Пока стащили с нар и отвели в кордегардию действительно вдруг заболевшего со страху петрашевца, караульный начальник послал к коменданту ефрейтора с докладом о случившемся. Генерал де Граве тотчас приехал и остановил приготовления к экзекуции…»[93]
Дыма без огня, как известно, не бывает. Что-то связанное с розгами – было. И сейчас мы поторопились, заявив, будто у Достоевского нигде об этом ни полсловечка. Есть-читаются в «Записках из Мёртвого дома» определённые намёки. Несколько раз на протяжении повествования бывший каторжанин набрасывает портрет своего бывшего начальника-командира плац-майора Кривцова и каждый раз, можно сказать, с такой неприкрытой личной ненавистью.
«Был он до безумия строг, “бросался на людей”, как говорили каторжные. Более всего страшились они в нём его проницательного, рысьего взгляда, от которого нельзя было ничего утаить. … Арестанты звали его восьмиглазым…»
«Страшный был это человек именно потому, что такой человек был начальником, почти неограниченным, над двумястами душ. … На арестантов он смотрел как на своих естественных врагов … Невоздержный, злой, он врывался в острог даже иногда по ночам, а если замечал, что арестант спит на левом боку или навзничь, то наутро его наказывали (Розгами. – Н. Н.): “Спи, дескать, на правом боку, как я приказал”. В остроге его ненавидели и боялись, как чумы. Лицо у него было багровое, злобное…»

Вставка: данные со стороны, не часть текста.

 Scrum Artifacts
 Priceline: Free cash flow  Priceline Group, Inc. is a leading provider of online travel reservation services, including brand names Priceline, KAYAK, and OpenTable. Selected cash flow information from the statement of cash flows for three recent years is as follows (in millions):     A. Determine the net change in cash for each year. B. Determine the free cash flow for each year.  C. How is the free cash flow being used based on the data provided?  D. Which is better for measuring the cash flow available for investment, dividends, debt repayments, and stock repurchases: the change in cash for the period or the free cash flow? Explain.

Вроде бы естественно ненавидеть автору «Мёртвого дома» плац-майора раз вся каторга его ненавидела и боялась. Но ненависть и страх Достоевского по отношению к Кривцову носят ещё и свой потаённый смысл-оттенок. Как мы знаем, ни в родительском доме, ни в закрытых пансионах, ни в Инженерном училище ему не доводилось испытывать прелесть телесных наказаний. Для него это нечто запредельное. Само собой, не столько физическая боль страшила его, сколько непереносимость человеческого, нравственного позора-унижения. Он прямо признаётся в «Записках из Мёртвого дома», что от рассказов-воспоминаний каторжных, прошедших-выдержавших телесные наказания, у него «подымалось сердце и начинало крепко и сильно стучать».
Дворяне, хотя и бывшие, пользовались в этом отношении некоторым послаблением. Хотя формально они считались полностью равными с остальными арестантами и за серьёзный проступок вполне могли лечь под розги, однако ж этого практически не случалось. Тому, как считал Достоевский, было две причины: во-первых, высшие сибирские начальники, сами, естественно, дворяне, были против позорных телесных наказаний их собратьев по классу; во-вторых, «случалось ещё прежде, что некоторые из дворян не ложились под розги и бросались на исполнителей, отчего происходили ужасы» (это очень важный для нашей темы пункт!); ну и, в-третьих, за четверть века до петрашевцев явилась в Сибирь большая масса дворян-декабристов, которые так себя поставили и зарекомендовали, что заставили уважать и отличать дворян от всех других ссыльнокаторжных.